> _Given information_
════
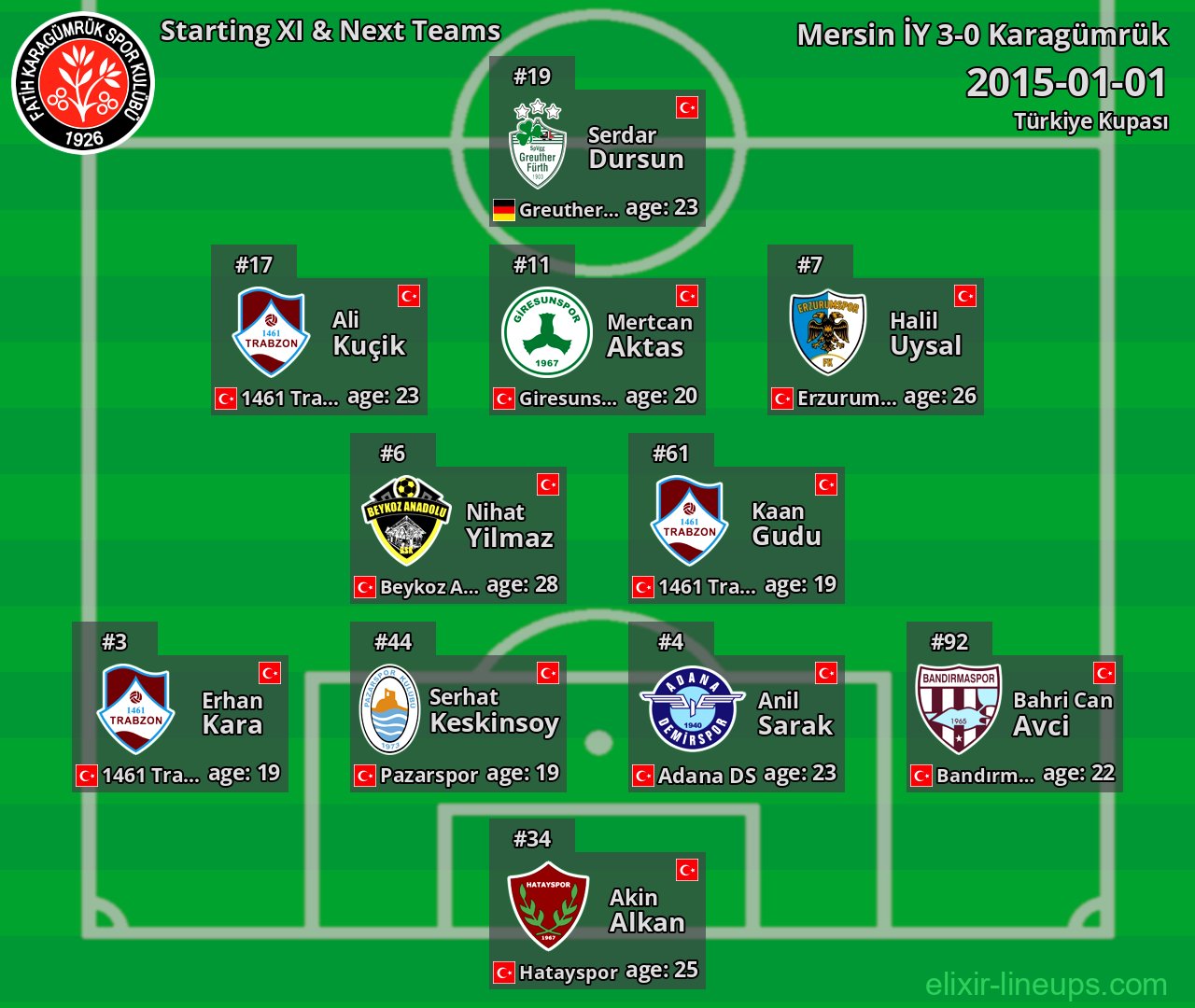 Karagümrük Starting XI & Next Teams 2015-01-01
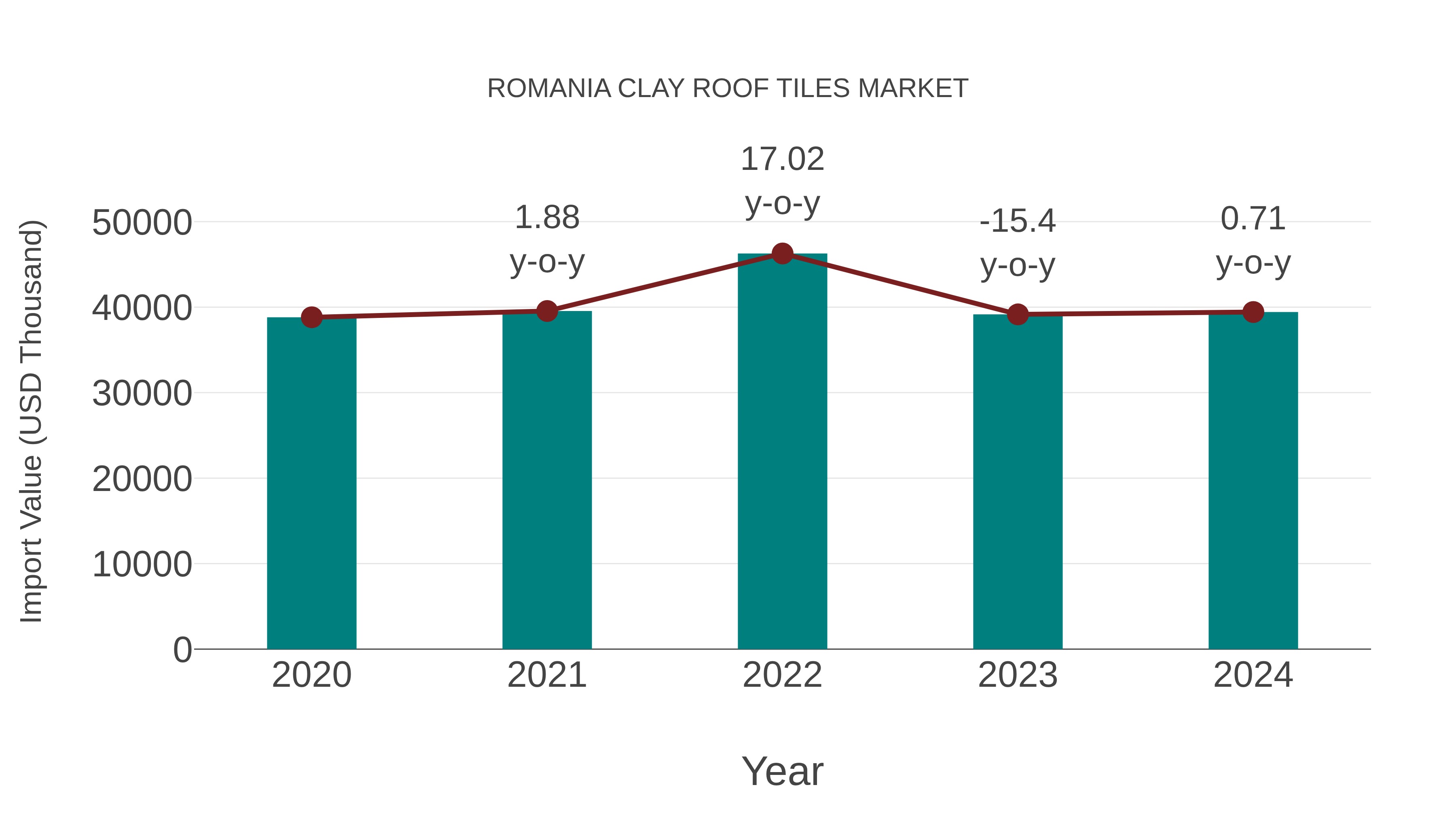 Romania Clay Roof Tiles Market: Import Trend Analysis
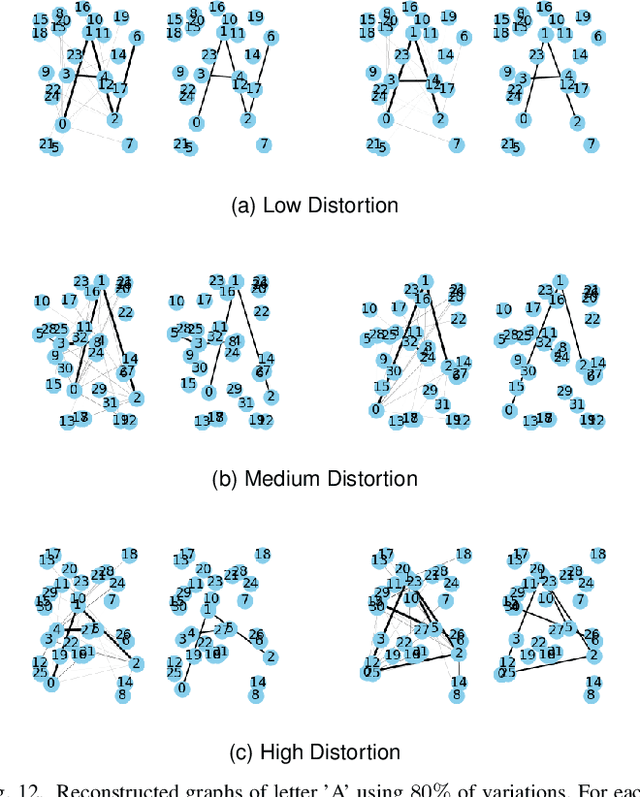 Figure 4 for A Quotient Space Formulation for Statistical Analysis of Graphical Data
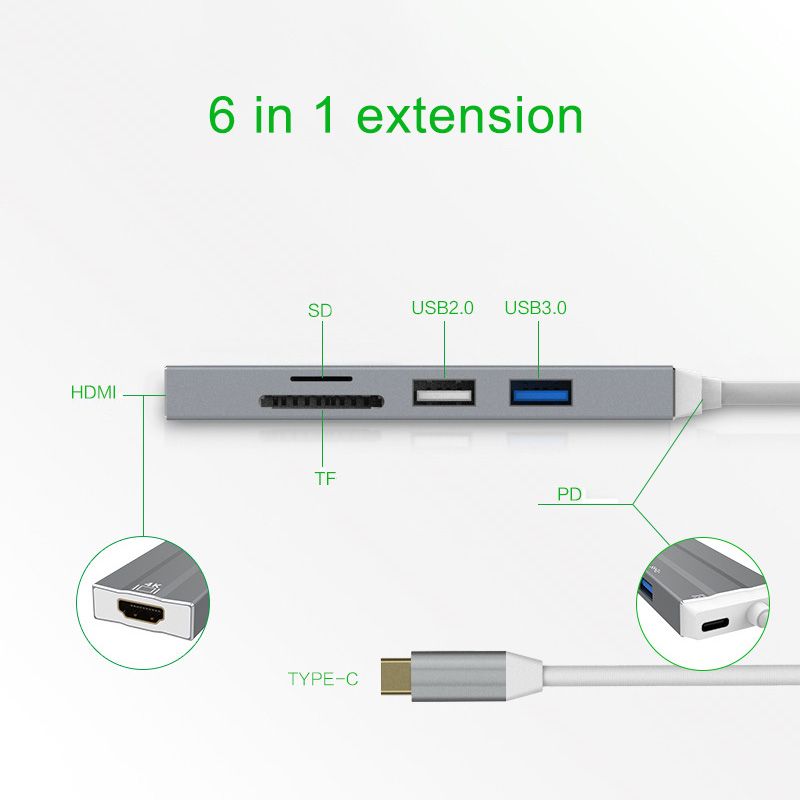 USB-C HUB,Adapter 6 In 1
════
> _Description of the task_
Write out verbatim the lines from the one containing "Romania Clay Roof" through the last line of the listing above, and no other lines; omit pictures.

> _Response to this task_
 Romania Clay Roof Tiles Market: Import Trend Analysis
 Figure 4 for A Quotient Space Formulation for Statistical Analysis of Graphical Data
 USB-C HUB,Adapter 6 In 1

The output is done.